As with the civilian Internet, it can be difficult sorting out fact from fiction. "I have seen a report of '1,000 tanks rolling south' activate the entire command center into a frenzy," says an A-10 pilot code-named "Mo." In one instance before the war, he said, "a pilot report of vehicles moving towards the Kuwaiti border turned out to be a large band of hungry camels."

On a recent night, the mIRC buzz was about a purported radio intercept of an Iraqi soldier mentioning "poisonous rounds" of artillery. Before long, word that Iraq was "loading chemical rounds" was cut and pasted from one military chat room into another. The report was discredited only after a linguist stepped into the virtual mix to explain that the original Arabic was mistranslated–the Iraqi ammunition had simply gone bad.

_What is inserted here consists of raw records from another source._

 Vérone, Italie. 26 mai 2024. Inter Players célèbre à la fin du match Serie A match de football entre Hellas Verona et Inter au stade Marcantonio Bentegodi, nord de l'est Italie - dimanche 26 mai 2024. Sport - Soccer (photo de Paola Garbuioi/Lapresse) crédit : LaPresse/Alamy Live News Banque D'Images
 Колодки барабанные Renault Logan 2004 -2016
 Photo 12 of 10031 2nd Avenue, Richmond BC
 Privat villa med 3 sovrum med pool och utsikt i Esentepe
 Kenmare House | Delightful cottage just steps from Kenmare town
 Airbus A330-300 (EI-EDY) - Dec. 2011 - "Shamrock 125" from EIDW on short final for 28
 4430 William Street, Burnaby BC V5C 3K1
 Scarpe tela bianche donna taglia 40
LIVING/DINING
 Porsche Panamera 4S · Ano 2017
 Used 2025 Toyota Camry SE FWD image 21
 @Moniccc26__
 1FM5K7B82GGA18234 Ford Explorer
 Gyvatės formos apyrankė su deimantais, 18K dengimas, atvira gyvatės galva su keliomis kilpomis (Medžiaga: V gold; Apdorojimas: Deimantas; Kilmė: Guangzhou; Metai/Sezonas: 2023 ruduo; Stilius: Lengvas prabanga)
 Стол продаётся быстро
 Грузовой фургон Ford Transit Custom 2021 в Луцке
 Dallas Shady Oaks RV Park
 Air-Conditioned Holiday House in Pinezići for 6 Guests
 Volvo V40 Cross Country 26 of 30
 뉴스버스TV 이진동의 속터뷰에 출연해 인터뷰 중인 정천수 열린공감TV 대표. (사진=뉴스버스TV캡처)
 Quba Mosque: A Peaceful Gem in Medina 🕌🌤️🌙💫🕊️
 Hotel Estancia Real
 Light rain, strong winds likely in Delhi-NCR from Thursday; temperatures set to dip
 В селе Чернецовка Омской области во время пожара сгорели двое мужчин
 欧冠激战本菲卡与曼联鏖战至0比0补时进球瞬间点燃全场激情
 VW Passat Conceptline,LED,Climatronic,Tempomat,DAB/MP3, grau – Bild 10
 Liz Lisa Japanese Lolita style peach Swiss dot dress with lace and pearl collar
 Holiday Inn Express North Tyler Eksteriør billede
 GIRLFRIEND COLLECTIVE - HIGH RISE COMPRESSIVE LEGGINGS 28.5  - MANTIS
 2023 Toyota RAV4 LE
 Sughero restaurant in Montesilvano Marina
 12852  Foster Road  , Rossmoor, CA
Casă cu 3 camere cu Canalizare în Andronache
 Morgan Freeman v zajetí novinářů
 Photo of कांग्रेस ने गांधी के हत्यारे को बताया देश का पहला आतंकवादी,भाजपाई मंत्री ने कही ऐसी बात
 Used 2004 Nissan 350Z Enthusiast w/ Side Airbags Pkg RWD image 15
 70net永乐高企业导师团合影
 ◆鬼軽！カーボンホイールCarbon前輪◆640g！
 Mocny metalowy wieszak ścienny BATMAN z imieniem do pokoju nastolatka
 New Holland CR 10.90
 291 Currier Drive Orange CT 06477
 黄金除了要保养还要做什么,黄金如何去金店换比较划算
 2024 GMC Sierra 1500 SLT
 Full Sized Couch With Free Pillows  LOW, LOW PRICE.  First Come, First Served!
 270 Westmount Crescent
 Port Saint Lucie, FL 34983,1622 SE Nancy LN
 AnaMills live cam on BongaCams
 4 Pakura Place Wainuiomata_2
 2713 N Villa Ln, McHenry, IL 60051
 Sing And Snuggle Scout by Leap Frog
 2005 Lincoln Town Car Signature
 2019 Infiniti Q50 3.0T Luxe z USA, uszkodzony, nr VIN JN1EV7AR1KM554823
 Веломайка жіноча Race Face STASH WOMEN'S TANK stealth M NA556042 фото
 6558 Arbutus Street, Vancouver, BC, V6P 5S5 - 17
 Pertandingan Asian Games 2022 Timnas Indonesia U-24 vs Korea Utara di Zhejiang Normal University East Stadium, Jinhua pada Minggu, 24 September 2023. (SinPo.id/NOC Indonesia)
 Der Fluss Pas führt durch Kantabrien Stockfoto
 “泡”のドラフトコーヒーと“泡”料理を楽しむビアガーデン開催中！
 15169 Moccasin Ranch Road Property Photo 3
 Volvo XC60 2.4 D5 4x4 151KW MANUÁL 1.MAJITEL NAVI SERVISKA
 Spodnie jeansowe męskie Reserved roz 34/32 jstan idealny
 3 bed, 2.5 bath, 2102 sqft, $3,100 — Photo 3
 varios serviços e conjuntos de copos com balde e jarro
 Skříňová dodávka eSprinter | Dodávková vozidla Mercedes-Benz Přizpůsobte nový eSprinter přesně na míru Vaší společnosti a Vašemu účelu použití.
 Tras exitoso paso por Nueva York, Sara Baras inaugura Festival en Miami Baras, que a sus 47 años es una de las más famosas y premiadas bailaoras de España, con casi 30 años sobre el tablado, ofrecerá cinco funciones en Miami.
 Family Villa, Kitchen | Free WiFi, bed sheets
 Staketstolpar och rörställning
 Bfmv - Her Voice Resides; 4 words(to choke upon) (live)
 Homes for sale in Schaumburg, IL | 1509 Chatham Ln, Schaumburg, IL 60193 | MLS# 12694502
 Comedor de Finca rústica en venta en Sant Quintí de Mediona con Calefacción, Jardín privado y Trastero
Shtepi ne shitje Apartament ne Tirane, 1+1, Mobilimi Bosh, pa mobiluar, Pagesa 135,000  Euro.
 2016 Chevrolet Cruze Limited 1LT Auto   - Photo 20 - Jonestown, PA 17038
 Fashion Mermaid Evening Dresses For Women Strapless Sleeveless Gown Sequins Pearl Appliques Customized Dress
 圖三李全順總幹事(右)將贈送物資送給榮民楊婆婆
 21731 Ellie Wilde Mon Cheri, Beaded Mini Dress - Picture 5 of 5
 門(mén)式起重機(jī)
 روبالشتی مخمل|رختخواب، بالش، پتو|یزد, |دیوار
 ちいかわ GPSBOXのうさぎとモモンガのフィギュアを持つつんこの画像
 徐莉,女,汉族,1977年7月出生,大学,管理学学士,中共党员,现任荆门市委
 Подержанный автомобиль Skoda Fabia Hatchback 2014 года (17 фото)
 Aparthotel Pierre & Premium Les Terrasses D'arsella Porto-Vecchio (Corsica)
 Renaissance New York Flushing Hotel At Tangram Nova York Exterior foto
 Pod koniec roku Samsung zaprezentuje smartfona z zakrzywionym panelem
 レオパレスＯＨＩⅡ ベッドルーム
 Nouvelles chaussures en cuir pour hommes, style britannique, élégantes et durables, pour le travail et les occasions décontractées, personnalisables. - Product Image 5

But legions of military chat room users are fans. One is Air Force Chief of Staff Gen. John Jumper. "I consider this a major improvement for critical data to be shared in the course of an operation," he says. The best role for military chat rooms like mIRC is to serve as "connective tissue" between different military commands, sometimes hundreds or even thousands of miles away, says Maj. Gen. Dan Leaf, the top air officer in Kuwait. But it shouldn't be permitted to replace "sneaker net" contact between officers across the same room, he adds.

Some officers activate a little wizard named "Merlin" in the corner of their screens. The animated character reads mIRC messages aloud in an automated voice and yawns if several minutes have passed without chatting. Senior military leaders have been seen grabbing gas masks upon hearing the wizard intone, "Incoming Scud launch, target Kuwait."